2003 yılına kadar ülkede bir ekmeği 250 bin liraya alıyorduk. Bir kilo şeker 3 milyon liraydı. Paket sigara 2 milyon...
Rakamla yazıyorum 250.000 TL, 3.0000.000 TL, 2.000.000 TL
Bugün bir evin fiyatı 3 milyon TL yani 2003 yılında bir kilo şeker parası aldığımız para birimine bugün ev alıyoruz
Malum enflasyonun hiç dur durak bilmediği bir dönemdeyiz. Herkes tedirgin, aklı karışık.
Enflasyon nereye gidecek? kredi çeksem mi? Borca girsem mi? Yatırımı nereye yapsam? Altın mı alsam döviz mi? Hepimizin aklında bu sorular.

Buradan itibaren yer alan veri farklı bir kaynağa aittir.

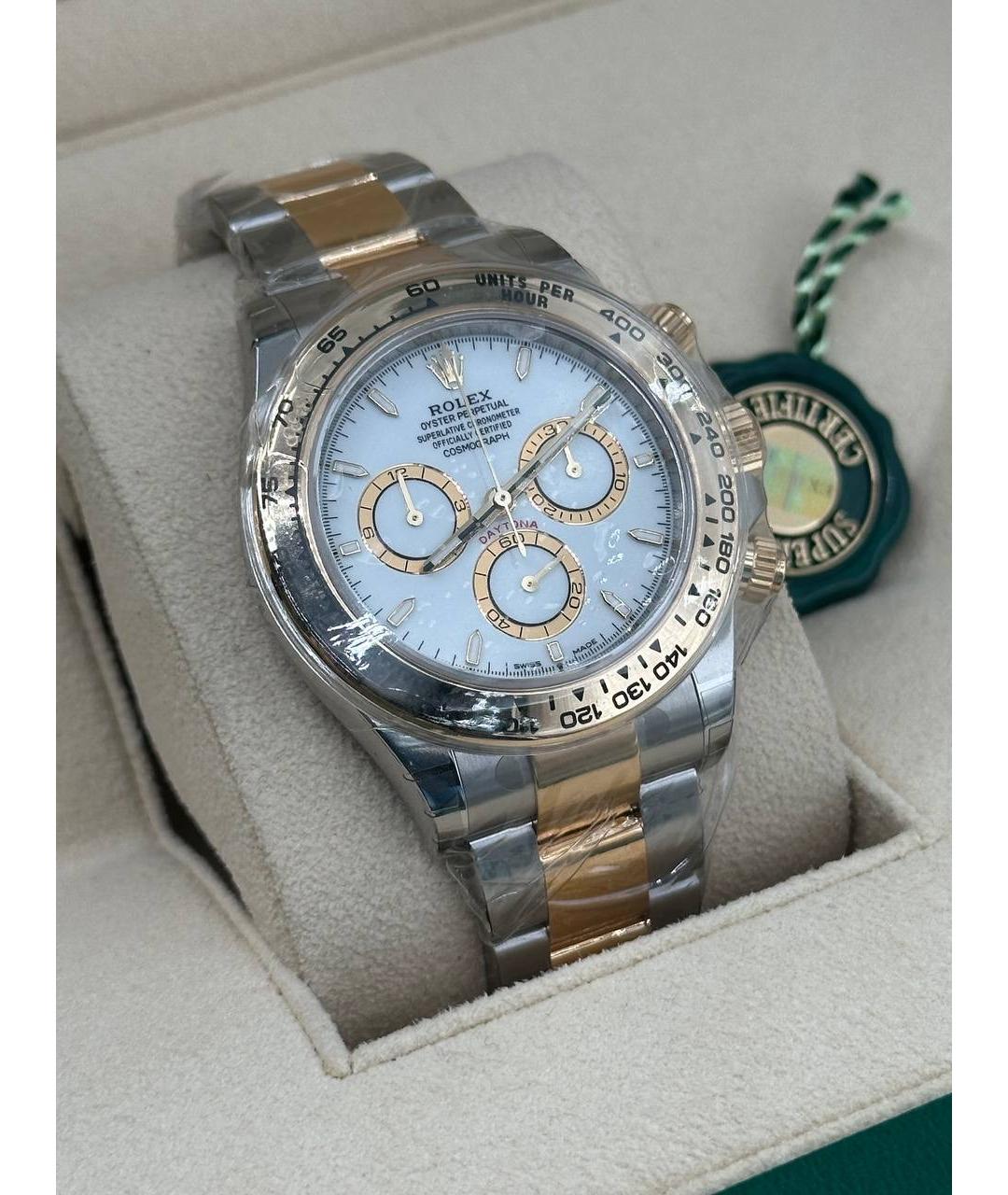 ROLEX Белые часы из желтого золота, фото 2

Lakin her geçen gün biriktirecek para miktarımız da eriyor ve artık sağa sola para atma durumumuz da kalmıyor.
Ben ekonomist değilim, acizane bir vatandaş gözüyle bu enflasyonun gidişatının kötü olduğunu görüyorum. Zaten her gün markete gittiğimizde bir ürünün dünkü fiyatında olmadığını hepimizi görüyoruz. Bizim gibi halkın da en çok etkilendiği durum market ve temel yaşam ihtiyaçlarımızın her gün artması…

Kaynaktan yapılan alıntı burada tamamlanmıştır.